P&C Insurer UPC Brings On AI-Powered Property Analysis
Vendor CAPE Analytics to provide predictive property analysis.
Property and casualty insurer UPC is working with CAPE Analytics for access to geospatial analysis and predictive property analysis.
“CAPE will enable UPC to leverage predictive property data to continually assess risk on a per-property basis,” a company release said. “In implementing CAPE’s geospatial analytics across its underwriting workflows, UPC has achieved stability and sustainability amid challenging market conditions such as supply chain-induced inflation.”
The geospatial analysis rests on two technologies. One is computer vision, which is the use of varying types of scanners—whether in normal visible light or using infrared sensors that can often show aspects of an object that would otherwise be invisible. That type of thermal imaging is already in common use with buildings.
The other foundational technology is machine learning. A form of artificial intelligence (AI), machine learning is a set of techniques for recognizing and learning patterns and then improving the performance over time with more examples and experience.

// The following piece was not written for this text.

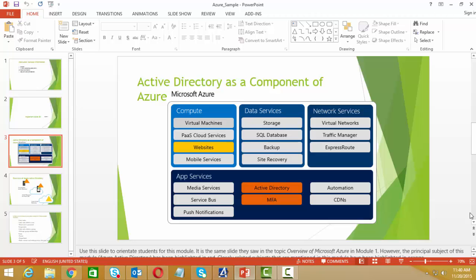Active Directory is a database where we keep all users, user groups, computers, and all organization information. Generally when we talk about AD, we use it on Windows Server 2008, 2008 R2, 2012, and 2012 R2 on on-premises servers.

One type might identify into what category some information, which can be visual, fits. Is this picture one of a roof that is damaged or one that is sound/? Humans take hundreds or maybe thousands of example cases, label each with the proper answer, and then run them through the computer. Correction keeps happening and the computer gets better at identifying what human users are looking for.
“Today, UPC uses CAPE’s property vulnerability and attribute data, including valuable insights such as CAPE’s proprietary Roof Condition Rating, roof shape, solar panel and pool presence, yard debris, tree coverage and more,” the release says. “This powerful alternative to traditional property data sets allows UPC to accelerate underwriting and better mitigate risk.”
There are two major ways a P&C company could use such technology. One would be to identify potential problems in advance. Are there trees that might fall onto a roof? Is there a pool that could represent a potential liability?
The other way is after damage happens, using a machine-driven visual analysis to help determine what might need to be done to a house. As UPC specializes in coastal states, it has to deal with aftermaths of such natural disasters as hurricanes, tornados, and floods. After an event, there could be many policy owners looking for compensation. Remote imagery and machine learning would at least provide an initial level of analysis to reduce the number of in-person assessments by appraisers.
In an era of greater institutional interest in single-family rentals or other types of less aggregated properties, like cold storage or industrial outdoor storage, using geospatial data could help form a first degree of due diligence for investments.